CONSERVATORSHIP OF the Person and Estate of M.M. Los Angeles County Office of the Public Guardian, as Conservator, etc., Petitioner and Respondent, v. M.M., Objector and Appellant.


Decided: August 29, 2019

Rudy Kraft, under appointment by the Court of Appeal, for Objector and Appellant. Mary C. Wickham, County Counsel, Rosanne Wong, Assistant County Counsel, and William C. Sias, Senior Deputy County Counsel, for Petitioner and Respondent.

M.M. appeals the appointment of a conservator under the Lanterman-Petris-Short Act (LPS Act or Act) (Welf. & Inst. Code, § 5000 et seq.) after a jury found him to be gravely disabled due to a mental disorder. He does not challenge the jury's verdict or claim any error in the trial proceedings that led to his conservatorship. His only claim on appeal is the trial court denied his right to begin a jury trial within 25 days of his jury trial demand. Instead, his trial began 61 days after his demand.
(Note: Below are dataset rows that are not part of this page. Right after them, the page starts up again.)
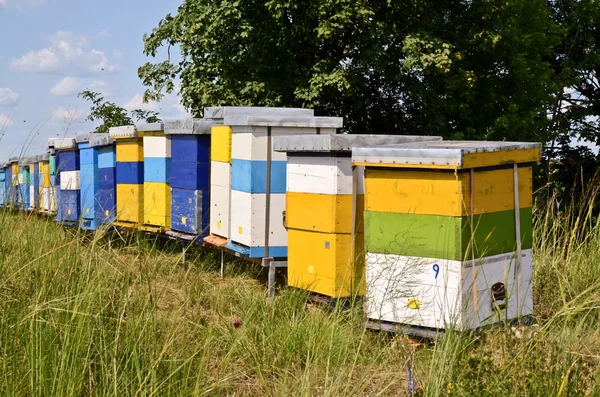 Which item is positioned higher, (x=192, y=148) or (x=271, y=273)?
(x=192, y=148)

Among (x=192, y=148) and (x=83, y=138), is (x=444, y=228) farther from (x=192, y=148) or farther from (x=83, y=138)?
(x=83, y=138)

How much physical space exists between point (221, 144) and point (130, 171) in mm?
2942

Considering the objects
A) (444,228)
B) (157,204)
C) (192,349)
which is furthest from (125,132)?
(192,349)

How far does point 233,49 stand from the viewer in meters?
18.3

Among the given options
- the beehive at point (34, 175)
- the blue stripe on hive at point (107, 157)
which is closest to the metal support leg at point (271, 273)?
the blue stripe on hive at point (107, 157)

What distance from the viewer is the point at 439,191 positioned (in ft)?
18.0

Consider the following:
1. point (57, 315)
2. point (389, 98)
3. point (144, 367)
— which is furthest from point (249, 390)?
point (389, 98)

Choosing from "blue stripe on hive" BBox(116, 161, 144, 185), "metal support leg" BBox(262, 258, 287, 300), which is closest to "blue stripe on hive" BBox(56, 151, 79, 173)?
"blue stripe on hive" BBox(116, 161, 144, 185)

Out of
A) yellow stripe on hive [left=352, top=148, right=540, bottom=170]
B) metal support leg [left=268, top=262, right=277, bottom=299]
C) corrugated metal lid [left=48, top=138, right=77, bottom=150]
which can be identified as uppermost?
corrugated metal lid [left=48, top=138, right=77, bottom=150]

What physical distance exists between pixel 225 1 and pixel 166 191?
8.56 meters

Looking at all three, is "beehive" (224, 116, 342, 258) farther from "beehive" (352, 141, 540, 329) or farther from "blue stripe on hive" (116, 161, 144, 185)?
"blue stripe on hive" (116, 161, 144, 185)

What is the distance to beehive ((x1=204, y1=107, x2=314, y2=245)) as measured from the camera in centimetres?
841

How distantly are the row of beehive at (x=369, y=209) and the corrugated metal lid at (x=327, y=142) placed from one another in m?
0.01

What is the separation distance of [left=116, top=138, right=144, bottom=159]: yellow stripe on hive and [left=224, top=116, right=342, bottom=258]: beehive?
314cm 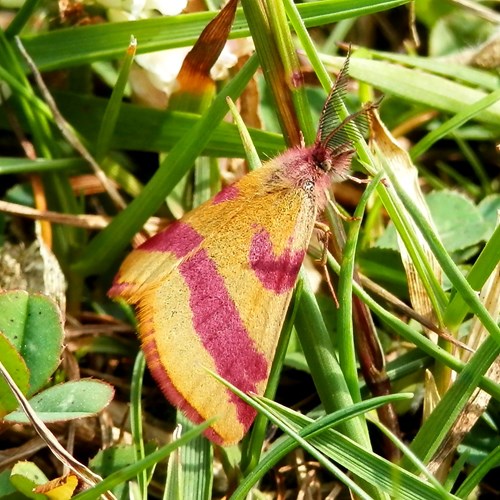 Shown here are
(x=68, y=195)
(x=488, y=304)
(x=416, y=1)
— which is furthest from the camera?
(x=416, y=1)

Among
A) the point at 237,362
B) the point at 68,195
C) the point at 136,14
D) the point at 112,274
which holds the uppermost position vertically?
the point at 136,14

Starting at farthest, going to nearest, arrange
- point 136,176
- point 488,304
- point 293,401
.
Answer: point 136,176 → point 293,401 → point 488,304

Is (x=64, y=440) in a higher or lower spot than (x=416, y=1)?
lower

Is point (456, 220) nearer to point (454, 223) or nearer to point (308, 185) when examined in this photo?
point (454, 223)

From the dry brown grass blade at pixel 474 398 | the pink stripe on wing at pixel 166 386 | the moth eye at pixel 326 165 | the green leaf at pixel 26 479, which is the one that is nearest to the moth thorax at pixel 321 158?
the moth eye at pixel 326 165

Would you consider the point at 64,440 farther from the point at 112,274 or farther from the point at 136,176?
the point at 136,176

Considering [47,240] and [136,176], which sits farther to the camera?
[136,176]

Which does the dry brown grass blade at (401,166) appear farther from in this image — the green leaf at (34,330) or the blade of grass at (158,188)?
the green leaf at (34,330)

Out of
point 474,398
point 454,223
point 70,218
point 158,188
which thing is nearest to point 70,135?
point 70,218

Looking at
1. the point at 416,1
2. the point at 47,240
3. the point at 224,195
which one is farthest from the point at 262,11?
the point at 416,1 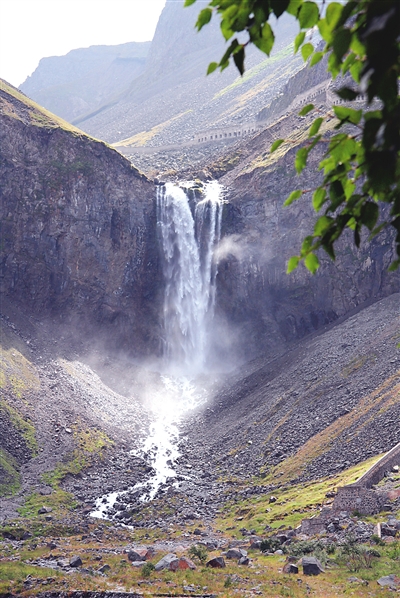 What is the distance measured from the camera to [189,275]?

He asks us to order his conservatorship expires 36 days earlier than the date the trial court ordered (61 - 25 = 36), a remedy for which he provides no authority in the law. M.M. has forfeited the contention because for the most part the delay in beginning trial was due to his own counsel's requests for a confidential expert report and to continue the trial to accommodate counsel's schedule. We affirm.


On July 26, 2018, the Los Angeles County Office of the Public Guardian (Public Guardian) filed a petition for the appointment of a conservator of the person and estate for M.M. Two doctors declared in support of the petition that M.M. had a diagnosis of schizophrenia and psychotic disorders, was unwilling to accept voluntary treatment, and a conservatorship was required because M.M is unable and unwilling to provide for his personal needs for food, clothing, and shelter. M.M. had previously been under a conservatorship due to his mental health issues. This time, M.M. had been admitted to the hospital after he lost consciousness on a bus. He had a history of diabetes and high blood pressure. M.M. denied he has these conditions and refused medical treatment, even though his blood pressure was “dangerously high.”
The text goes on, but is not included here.